Rules of the Game: Shining a Light on Political ‘Dark Money’
As secret political spending escalates in the final weeks before Election Day, it’s not too early to ask: What can be done to bring “dark money” out from the shadows?
Even more than super PACs, secret money may well define the post-Citizens United era. As of Oct. 1, political spending by outside groups that do not disclose their donors had hit $122.7 million, according to the Center for Responsive Politics – more than twice their totals at the same point in 2010 and 2008, which hovered in the $45 million to $47 million range.
The rub for secret money critics is that pulling back the curtain on such groups is harder than it looks. The DISCLOSE Act, the campaign finance transparency bill authored by Democrats on Capitol Hill, faces unanimous GOP opposition. The Federal Election Commission is hamstrung by partisan gridlock; the IRS by its aversion to political controversy.
Still, there are several modest, practical steps that Congress could take to bring undisclosed campaign money into the open, and some even have bipartisan support. Many simple, interim fixes focus on the IRS, an agency that has largely been left out of the campaign finance debate but whose importance is growing as political money travels further underground.
Historically, the IRS has protected the anonymity of donors to 501(c)(4) social welfare groups, along with other tax-exempt organizations such as 501(c)(3) charities and 501(c)(6) trade groups, and for good reason. As the Supreme Court established in its landmark 1958 NAACP v. Alabama ruling, anonymity protects potentially unpopular citizen groups from government intrusion.
But this election’s secret money is being spent not by vulnerable civic groups, but by multimillion-dollar campaign-style
organizations. The big spenders are
501(c)(4) tax-exempt groups whose organizers say they’re promoting the social welfare but whose hard-hitting ads, robocalls, direct mail and door knocking operations give them all the trappings of political campaigns. Tax law expert Frances Hill, of the University of Miami, has dubbed these players “super (c)(4)s.”
The top two such groups – the GOP-friendly nonprofits Crossroads GPS and Americans for Prosperity – had collectively spent $173.8 million on ads targeting candidates as of late September, according to the Sunlight Foundation. That’s more than the top four super PACs combined, which, according to Political MoneyLine, have doled out $170.2 million.
“Wealthy, powerful individuals and financial interests are not the equivalent of a small, vulnerable, persecuted minority,” noted Trevor Potter, president and legal counsel of the nonpartisan Campaign Legal Center and a former FEC chairman.
An obvious first step for the IRS, Potter and other campaign finance experts say, would be to draw a clear, bright line between legitimate “social welfare” spending and overt campaign spending. IRS regulations now rely instead on a complex, multipart test based on “facts and circumstances” to draw that line, leaving political players on both sides of the aisle wondering just what’s permitted.

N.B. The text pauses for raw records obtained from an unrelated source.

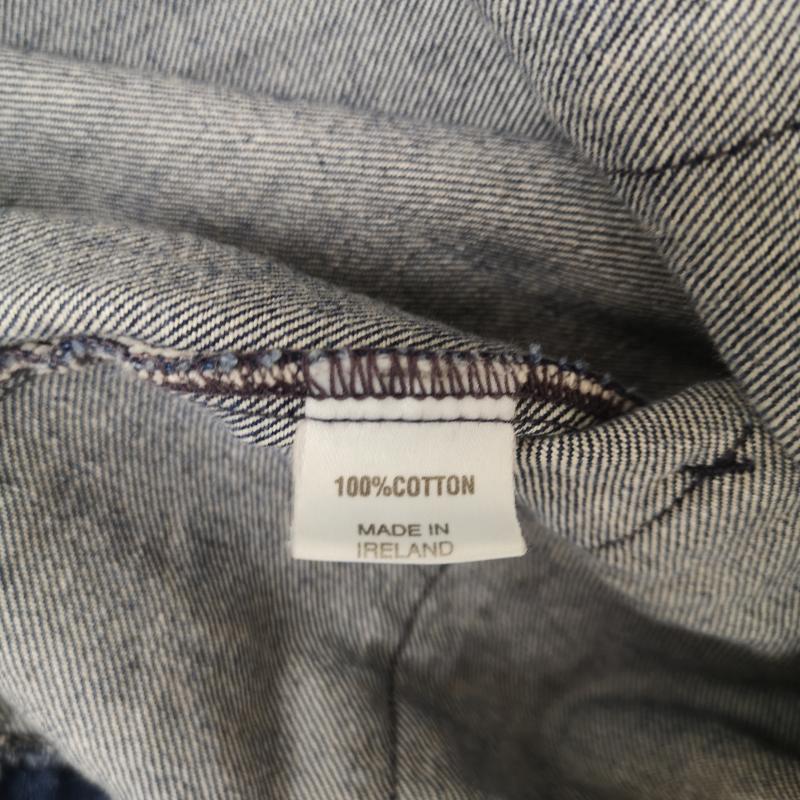 古着 USED ジャケット、上着 ジャンパー、ブルゾン KINSALE SMOCKS キンセール スモックス スキッパー デニム フィッシャーマン スモック XL インディゴ / インディゴ / Indigo メンズ USED 古着 中古 50170147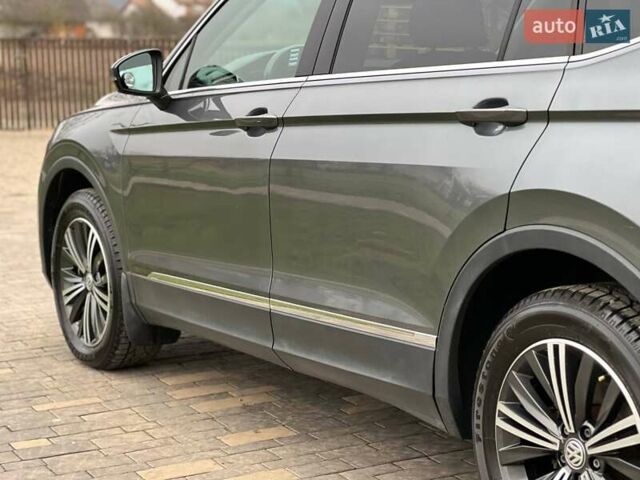 Серый Фольксваген Тигуан, объемом двигателя 1.98 л и пробегом 148 тыс. км за 19300 $, фото 15 на Automoto.ua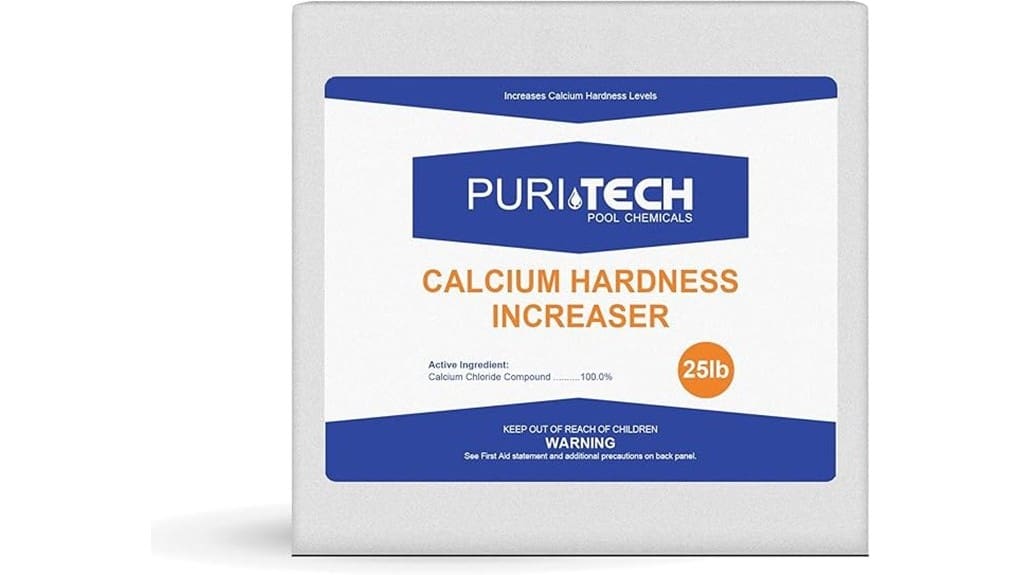 calcium hardness increaser review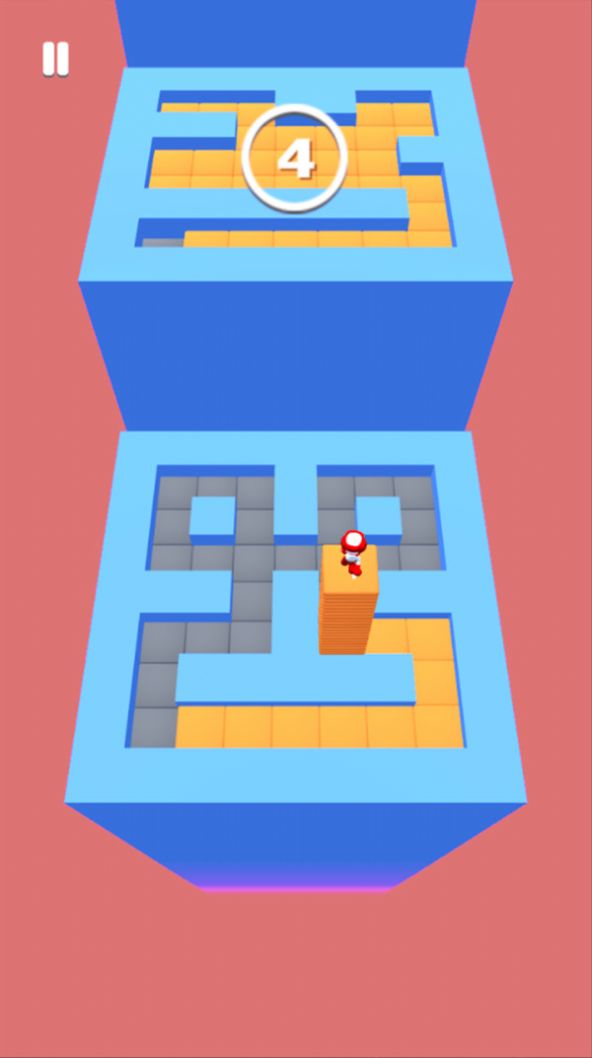 火柴人方块冲浪金币安卓版  v1.0.3图3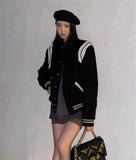 Long-lasting Classic Vintage Baseball Varsity Jacket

“The IRS standards for what constitutes political intervention is an 11-part test, which is thoroughly subjective,” Potter said. “I think it would be very helpful from an IRS standpoint and a tax-exempt-law standpoint for the IRS to clarify what 501(c)(4) organizations can and can’t do.”
Other relatively straightforward fixes that tax experts say Congress could ask the IRS to pursue include:
. Imposing new disclosure rules on noncharitable tax-exempt groups that are funded by a limited number of people. Ellen Aprill, a tax law professor at Loyola Law School in Los Angeles, argues that this would insulate broad-based social welfare groups from unwanted scrutiny but would shed more light on groups that rely on a few big donors. Aprill also favors taxing political activity by noncharitable tax-exempt groups.
. Require tax-exempt groups to disclose contributions and expenditures larger than $25,000, an idea favored by Donald B. Tobin, a law professor at Ohio State University’s Moritz College of Law. (Like Aprill, Tobin would exempt charities.) Tobin also suggests allowing for external complaints regarding abuses of tax-exempt status and putting enforcement in the hands of an independent, nonpartisan commission made up of former IRS veterans.
. Create a joint enforcement mechanism between the FEC and the IRS, whose regulations do not match up so that political players fall between the cracks. Such interagency cooperation has plenty of precedents, argues Hill.
Such ideas are not as dramatic as passing a Constitutional amendment to reverse Citizens United v. FEC, the 2010 Supreme Court ruling that opened the way for unlimited and undisclosed political spending. Nor are they as popular with watchdogs as matching low-dollar contributions with public funds, an idea that has generated renewed interest among reform advocates.
But while more-sweeping reforms may gain traction over the long haul, their short-term prospects are dim. Amending the Constitution is a quixotic quest at best. Public financing will be dismissed by Republicans out of hand as “taxpayer-funded” campaigns.
In the meantime, secret money is compounding public alarm over Citizens United. It’s alarming enough to many voters that billionaire CEOs appear to be bankrolling politicians. Even worse is the prospect that most of these large contributions may never see the light of day. All the more reason for Congress to consider every avenue, small and large, on the hard road to transparency.